The relative risk of dyslipidemias with respect to waist-height ratio and body mass index in obese pediatric patients
Paul Ríos1, Arturo Perea Martinez1, Ariadna Guadalupe Lara Campos1, Lilia Mayrel Santiago Lagunes1, Aranza Lilián Perea Caballero1, Ana Lourdes Salvador Adriano1, Brenda Denisse Narváez Lima1, Corina De la Paz Morales1, María De los Ángeles Hernández López1, Miriam Mercedes Padrón Martinez1, Ana Lidia González Valadez1, Diana Circe Solís Aguilar1
1National Institute of Paediatrics, México, Mexico
Objectives and Study:
Aim objective was to measure the strength of association between anthropometrics parameters and dyslipidemias to identify the relative risk of developing dyslipidemia in obese patients. The functionality of study was of a descriptive type, the temporal sequence was of a transversal type, the control of the assignment of the study factors was an observational type and the beginning of the study in relation to the chronology of the events was retrospective.

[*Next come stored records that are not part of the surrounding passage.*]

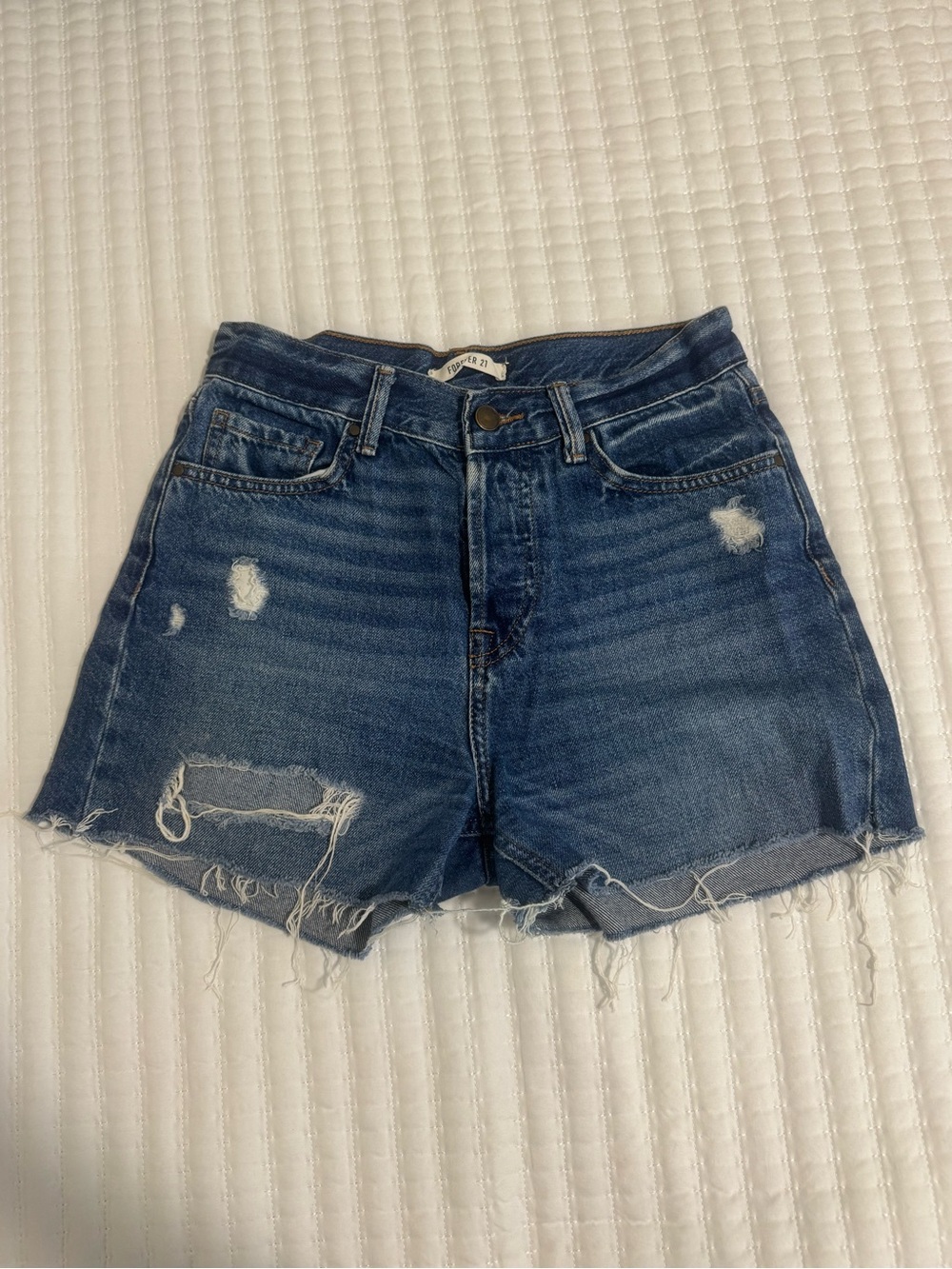 Forever 21 Distressed High-Rise Denim Shorts - Blue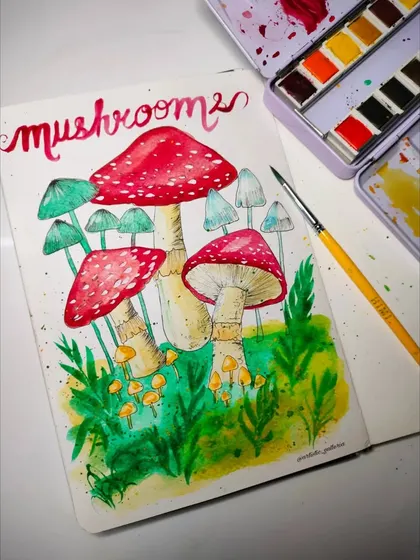 My entry for an art challenge with the prompt "Mushrooms." A whimsical watercolor doodle of different kinds of mushrooms.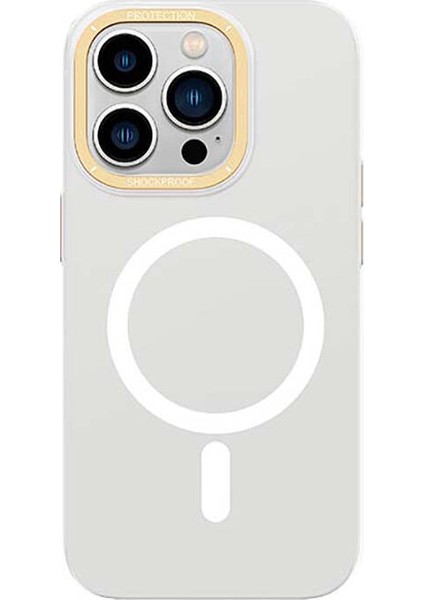 iPhone 14 Pro Max Uyumlu Kılıf Magsafe Özellik Metal Kamera Çerçeveli Recci Glaze Serisi Kapak Beyaz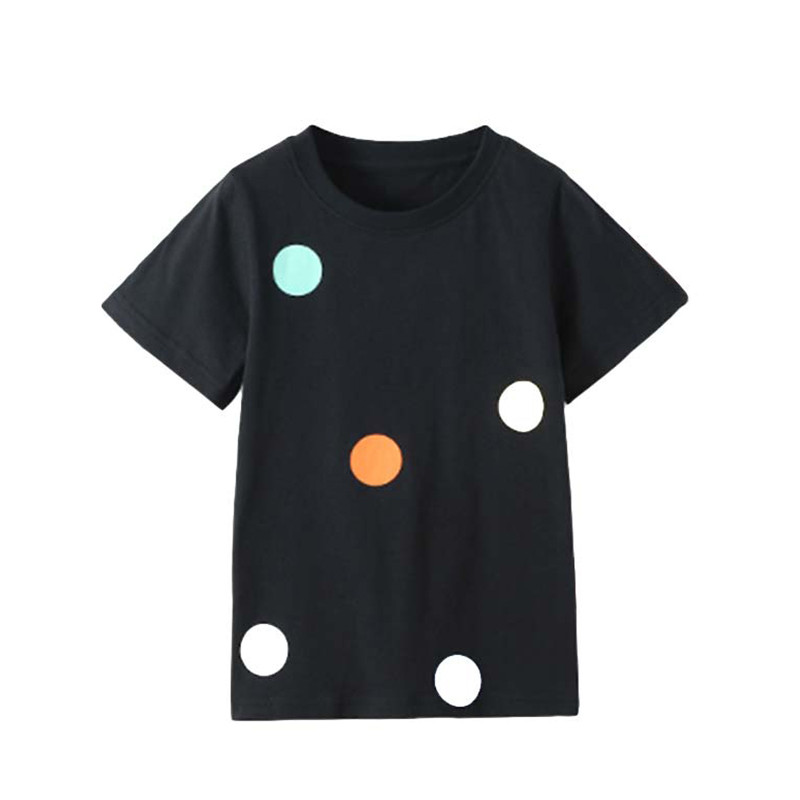 南极人(NanJiren)男童短袖卡通字母T恤时尚薄款儿童上衣 彩色圆点黑色 80cm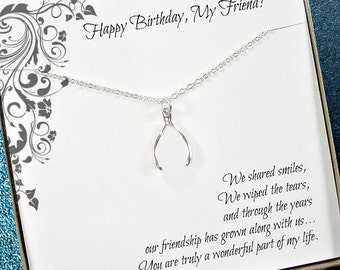 Best Friend Birthday Gift | Friendship Necklace | Message Jewelry | Wishbone, Good Luck Jewelry | Sterling Silver, Made in USA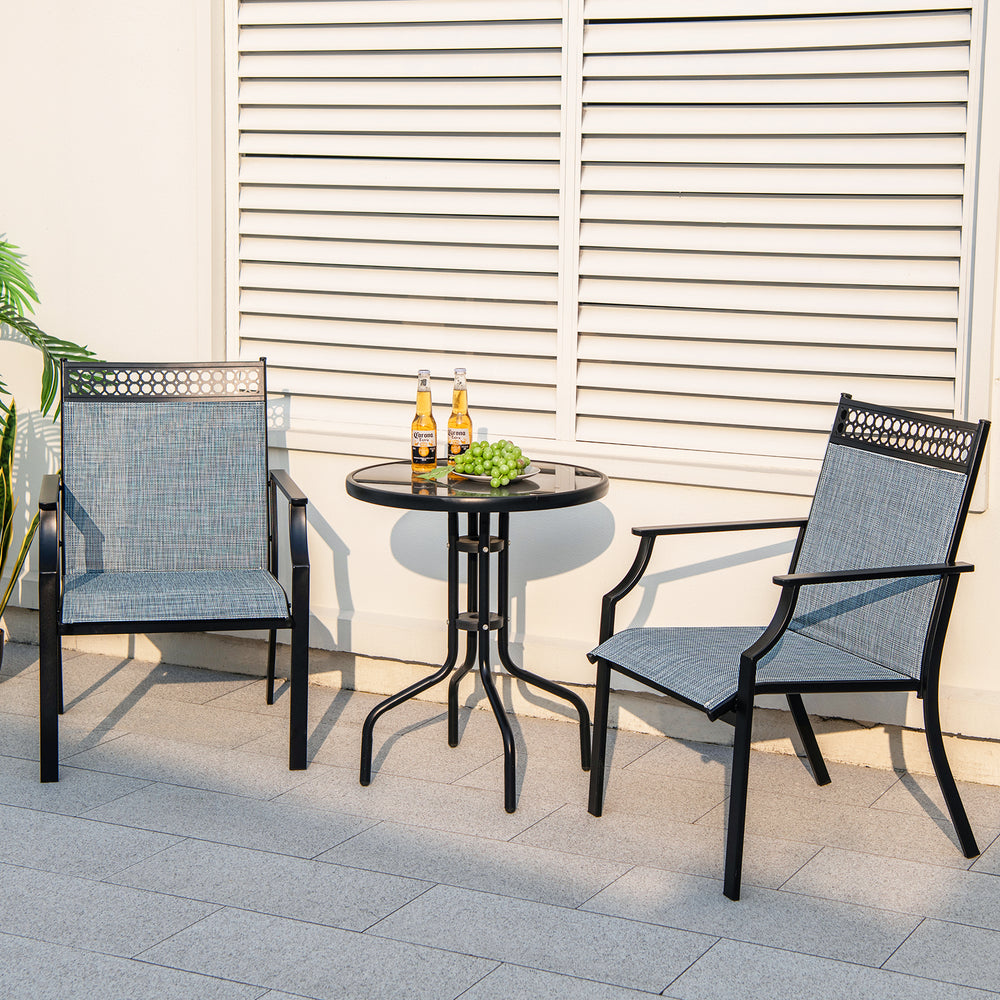 Patio Chairs Set of 2 with All Weather Breathable Fabric-Blue - Gallery View 1 of 9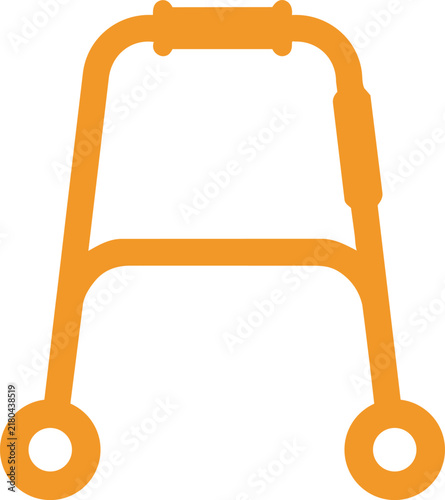 Orange icon of a medical mobility walker with two wheels and hand grips mobility aid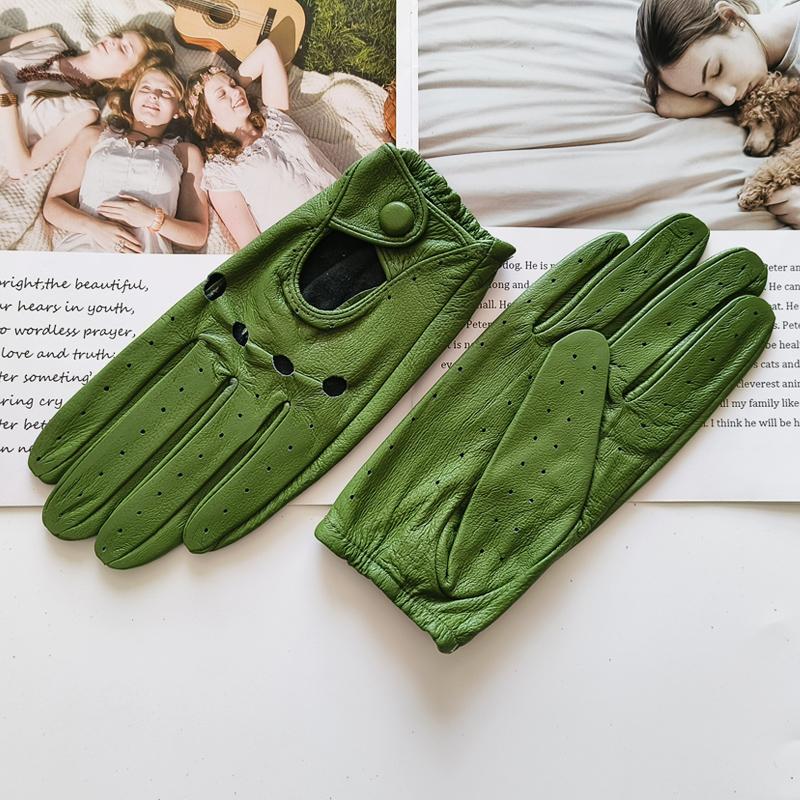 Women's Sheepskin Driver Gloves Thin Breathable Unlined Colored Leather Gloves Summer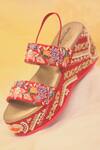 Around Always_Red Embroidery Avni Bridal Wedges _Online_at_Aza_Fashions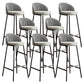 Glam Bucket Leather Counter-height Stool Footrest Indoor Bar and Counter Stool Black Gray 8 Piece Set Clearhalo 'Bar Furniture' 'Bar Stools' 'bar_stools' 'furn' 'furn_bar_stools' 'Furniture' 'Kitchen & Dining Furniture' 6152478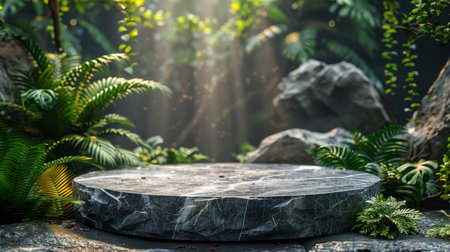 A stone table is nestled within a garden, encircled by lush green plants and rugged rocks under the sun.の素材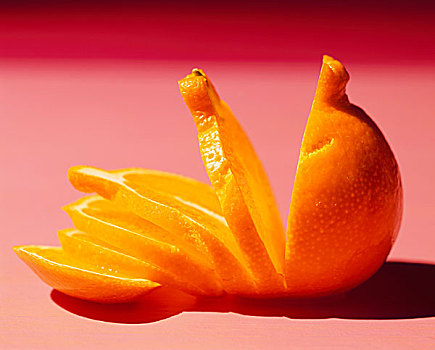 橘子片,粉色背景
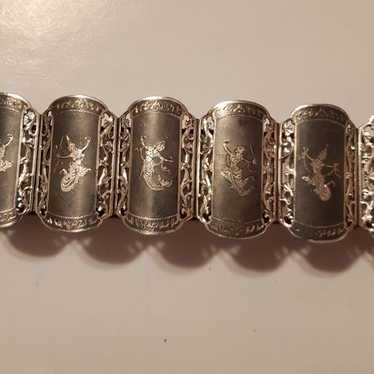 Sterling Siam Silver Niello Goddess Bracelet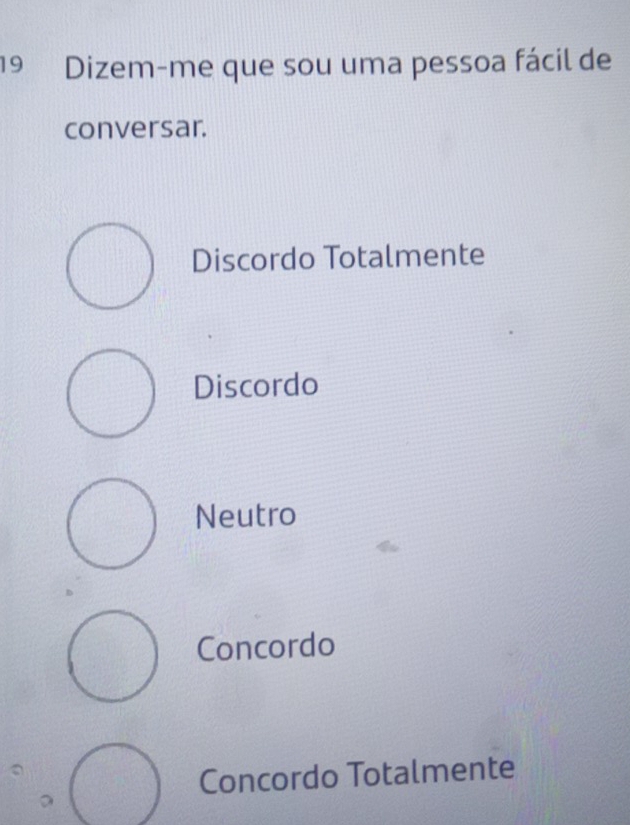 Dizem-me que sou uma pessoa fácil de
conversar.
Discordo Totalmente
Discordo
Neutro
Concordo
Concordo Totalmente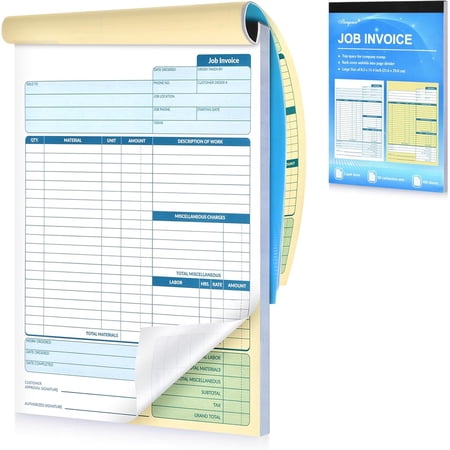 Large Job Work Order Forms, Job Invoice Forms/Receipt Book with Carbonless Copies for Small Business, 2 Part Carbonless Invoice Book, 8.5 x 11.4 inch, 50 Receipts - with Page Divider, Easy to Use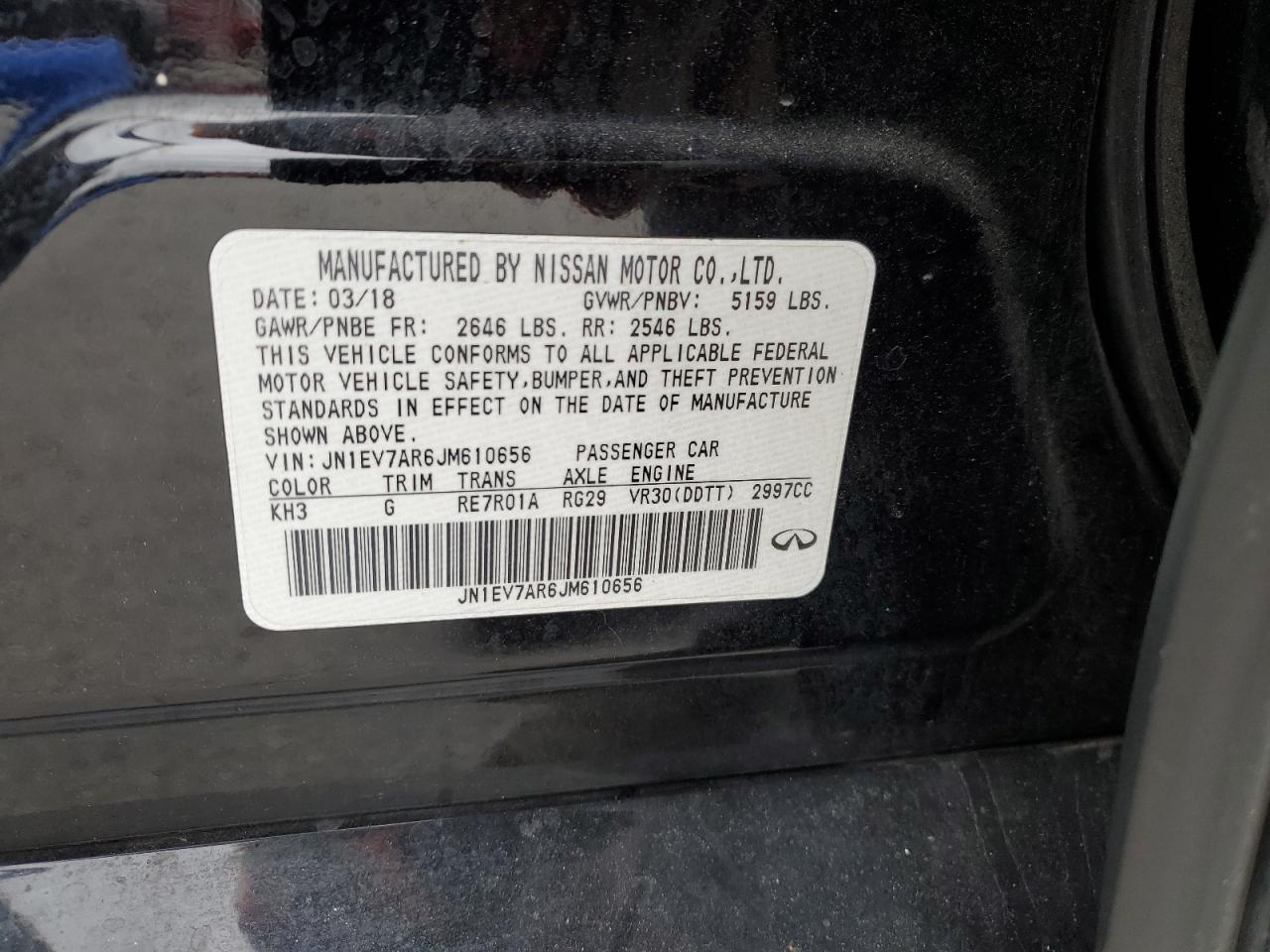 2018 Infiniti Q50 VIN JN1EV7AR6JM610656 Copart auction photo, front end damage thumbnail 12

714 patients from 4 to 18 years old with obesity from the National Institute of Paediatrics in Mexico, were evaluated. The waist-height ratio (W/H ratio) tool was defined as >0.50 and Body Mass Index (BMI) as >2 SD. The values for the lipoprotein profile were according to ATP III. Triglycerides were evaluated at (>100 mg/dl) for < 10 years old and (>130 mg/dl) for >10 years old. The confidence interval (CI) for the relative risk (RR) was 95% using Software IBM SPSS Statistics V.24.
Children with a waist-height ratio >0.50 have 1 to 3.4 more risk of presenting clinical dyslipidemias, mainly triglycerides, LDL-C and 2.35 times more likely to present atherogenesis and early cardiovascular risk.
Paediatric patients with exogenous central obesity (W/H >0.50) have a higher risk of presenting dyslipidemia than those with only BMI >2 SD. Dyslipidemia is a risk factor for cardiovascular disease, early detection by way the waist-height ratio and early treatment it could prevent metabolic complications in adulthood.